* Goal of the exercise *
Please copy out the entries below exactly, beginning with the line that contains "Building Photo - 241 Roberts Ln" and ending with the line that contains "抖音网红 成都朵朵 擦边...（9）", and include nothing outside that span.

* Records for the exercise *

= = = =

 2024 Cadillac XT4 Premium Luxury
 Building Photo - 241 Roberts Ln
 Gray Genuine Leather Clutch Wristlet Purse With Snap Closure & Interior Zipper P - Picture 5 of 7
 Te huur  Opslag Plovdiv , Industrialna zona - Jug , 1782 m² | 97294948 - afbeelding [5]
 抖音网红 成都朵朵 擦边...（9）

= = = =

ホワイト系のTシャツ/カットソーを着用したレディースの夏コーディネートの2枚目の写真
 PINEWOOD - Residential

= = = =

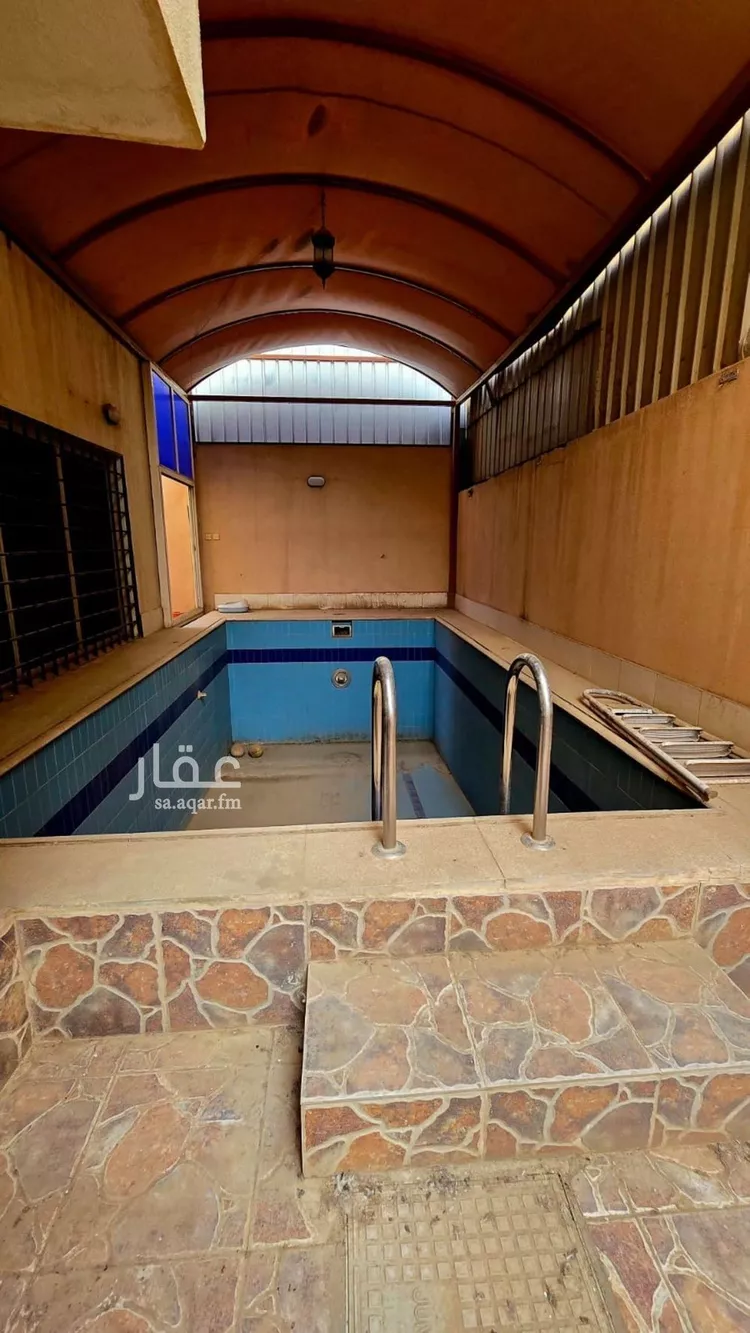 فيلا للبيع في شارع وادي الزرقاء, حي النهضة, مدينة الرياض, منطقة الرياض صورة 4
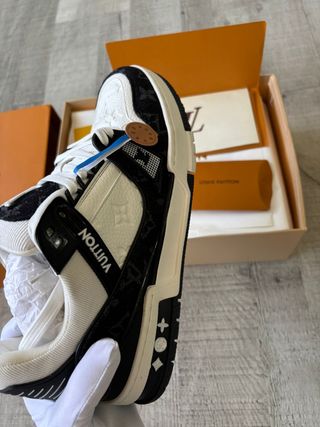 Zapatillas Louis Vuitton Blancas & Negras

= = = =

* Output for this task *
 Building Photo - 241 Roberts Ln
 Gray Genuine Leather Clutch Wristlet Purse With Snap Closure & Interior Zipper P - Picture 5 of 7
 Te huur  Opslag Plovdiv , Industrialna zona - Jug , 1782 m² | 97294948 - afbeelding [5]
 抖音网红 成都朵朵 擦边...（9）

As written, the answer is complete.